— ASSIGNMENT —
Return the listing exactly. Keep no pictures.

— INPUT DATA —

= = = = = = =

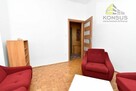 Sprzedam 2 pokojowe mieszkanie 50m ul. Lecha - 2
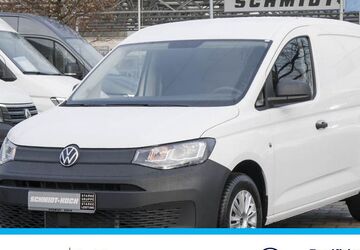 VW Caddy 57.290 km 17.890 &euro; Bremen 28207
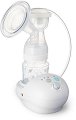 ������������ ����� �� ����� Canpol babies Easy Start - � ���� 150 ml - �������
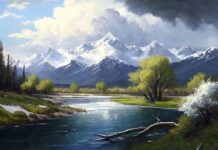 स्व.डॉक्टर मंगल मेहता की कविताएं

= = = = = = =

— ANSWER TO THIS EXERCISE —
 Sprzedam 2 pokojowe mieszkanie 50m ul. Lecha - 2
 VW Caddy 57.290 km 17.890 &euro; Bremen 28207
 ������������ ����� �� ����� Canpol babies Easy Start - � ���� 150 ml - �������
 स्व.डॉक्टर मंगल मेहता की कविताएं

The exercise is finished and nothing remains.